One of the great debates among Tesla owners revolves around the company’s Full Self-Driving package. The FSD package adds a range of features to Tesla vehicles. The additions include Summon (and Smart Summon), Traffic Light and Stop Sign Control, Navigate on Autopilot, Autopark, and a promise for a software upgrade for Full Self-Driving when the feature is ready for release. Currently, the beta version of FSD is being tested by a small group of trusted testers. This group is expected to expand in the coming weeks as drivers’ Safety Scores are calculated and reviewed by Tesla, which aims to add only the safest drivers to the program while it’s in the early access beta stage.
For those unfamiliar with the software suite, here’s the rundown. The Summon feature enables drivers to remotely move the vehicle forwards or backward, and automatically open or close a garage door as needed. The later release of Smart Summon enables the vehicles to navigate private roads (think parking lots and driveways) and navigate to the driver on its own. Autopark is exactly what it sounds like- the vehicle can detect parking spots (including parallel) and park itself. Traffic Light and Stop Sign Control enables the vehicles to detect traffic controls while on Autopilot, stopping automatically where appropriate. Navigate on Autopilot, rolled out in 2018, allows the vehicle to automatically make lane changes on the highway to follow your route and pass slower cars, taking exits and navigating interchanges as needed. And, finally, the promise of FSD.
Tesla has said for years that their vehicles would be able to operate fully autonomously but the company has pushed back the expected release date for the software several times. Tesla “Technoking” Elon Musk previously expressed his belief that Tesla would be able to demonstrate full autonomy in 2017. That date was later pushed to 2018, then the end of 2019, and the company now expects the software to be available at the end of this year, 2021. Understandably, this has frustrated some drivers, some of whom have been waiting for the public release of FSD for more than 3 years after purchasing the package.

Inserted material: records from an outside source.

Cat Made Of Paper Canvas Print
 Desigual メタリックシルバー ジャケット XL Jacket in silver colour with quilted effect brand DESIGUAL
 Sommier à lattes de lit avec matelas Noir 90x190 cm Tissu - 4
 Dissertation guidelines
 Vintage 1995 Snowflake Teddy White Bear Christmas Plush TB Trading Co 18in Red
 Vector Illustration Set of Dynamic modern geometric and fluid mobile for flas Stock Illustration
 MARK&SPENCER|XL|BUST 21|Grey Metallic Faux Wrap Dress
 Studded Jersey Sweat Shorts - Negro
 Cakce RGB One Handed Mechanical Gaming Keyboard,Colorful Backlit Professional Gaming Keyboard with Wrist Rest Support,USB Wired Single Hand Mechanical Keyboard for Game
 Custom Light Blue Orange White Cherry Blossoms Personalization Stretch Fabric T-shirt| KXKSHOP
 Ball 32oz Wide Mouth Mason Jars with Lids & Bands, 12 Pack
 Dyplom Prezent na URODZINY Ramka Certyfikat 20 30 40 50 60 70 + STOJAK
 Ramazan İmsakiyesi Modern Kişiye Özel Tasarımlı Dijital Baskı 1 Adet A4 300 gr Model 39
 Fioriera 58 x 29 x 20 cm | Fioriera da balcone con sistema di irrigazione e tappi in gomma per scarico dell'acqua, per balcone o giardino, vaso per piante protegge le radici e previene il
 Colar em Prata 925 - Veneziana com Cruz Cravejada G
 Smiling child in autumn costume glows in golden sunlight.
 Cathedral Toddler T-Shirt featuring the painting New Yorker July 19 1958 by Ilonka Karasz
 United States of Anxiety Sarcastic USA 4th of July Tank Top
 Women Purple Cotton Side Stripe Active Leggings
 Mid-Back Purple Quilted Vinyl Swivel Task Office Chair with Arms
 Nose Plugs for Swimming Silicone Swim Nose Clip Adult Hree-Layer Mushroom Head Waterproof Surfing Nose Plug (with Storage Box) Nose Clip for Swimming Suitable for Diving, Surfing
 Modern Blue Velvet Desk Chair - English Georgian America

I asked owners for their opinions on this topic. Most owners argue that, since the full software suite hasn’t been publicly released, they should be able to transfer their FSD purchase to a new Tesla. A few owners explained to me that they’d even be fine with paying a fee – some willing to pay up to $1000 – to allow them to make the transfer. A couple of owners shared that the inability to switch the $10,000 package to a new car is the main reason they haven’t purchased a new Tesla. Many feel cheated; the promised timeline at the time of purchase passed a long time ago, and they feel as though the company hasn’t followed through on its promises. It seems the only ones that want the package to stay with the vehicle, is Tesla themselves.
My personal opinion is this- for now, while the feature is being tested, Tesla should allow one free transfer of FSD to a new vehicle on their account. After the first transfer, it should stay with the car. This solution would show that the company wants to follow through on the promises made to owners years ago, as well as increasing brand loyalty. However, after the wide release of FSD, it makes sense for it to stick with the vehicle it’s installed on.